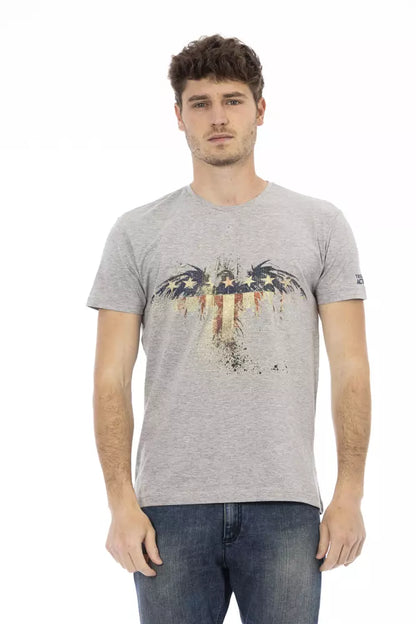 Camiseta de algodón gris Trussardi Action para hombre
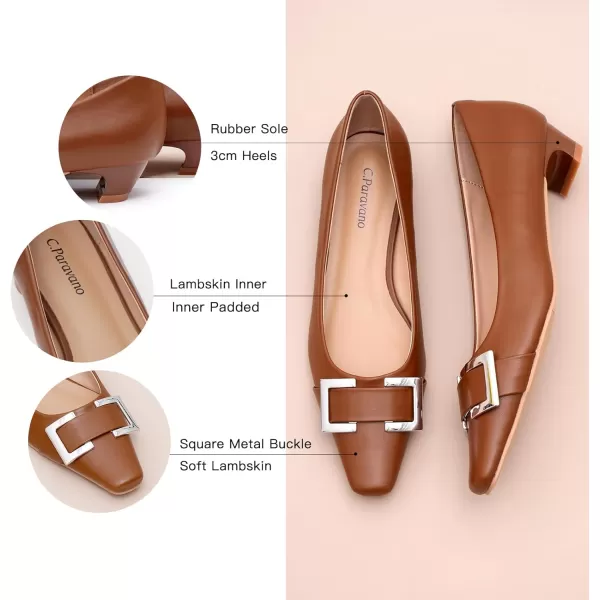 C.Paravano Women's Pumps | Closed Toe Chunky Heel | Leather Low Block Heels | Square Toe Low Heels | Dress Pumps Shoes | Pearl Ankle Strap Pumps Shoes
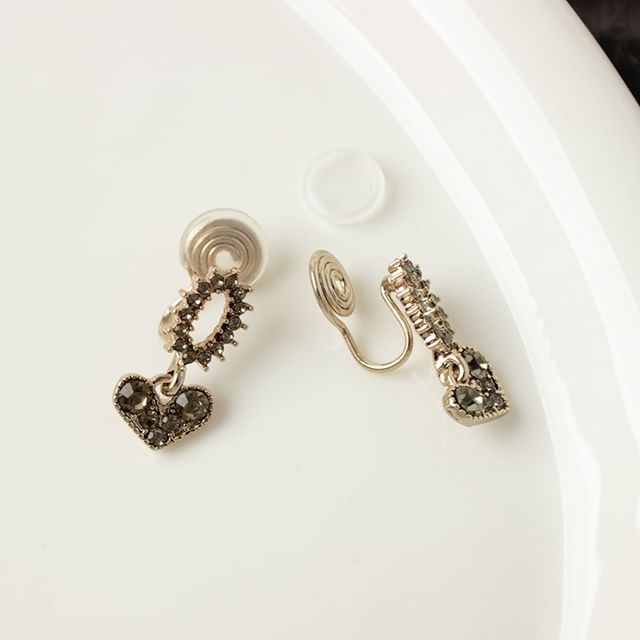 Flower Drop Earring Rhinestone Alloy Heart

====================

◆ Work instruction ◆
The pictures are to be omitted, and the rest of the listing is to be transcribed exactly.

◆ Solution ◆
 Camiseta de algodón gris Trussardi Action para hombre
 C.Paravano Women's Pumps | Closed Toe Chunky Heel | Leather Low Block Heels | Square Toe Low Heels | Dress Pumps Shoes | Pearl Ankle Strap Pumps Shoes
 Flower Drop Earring Rhinestone Alloy Heart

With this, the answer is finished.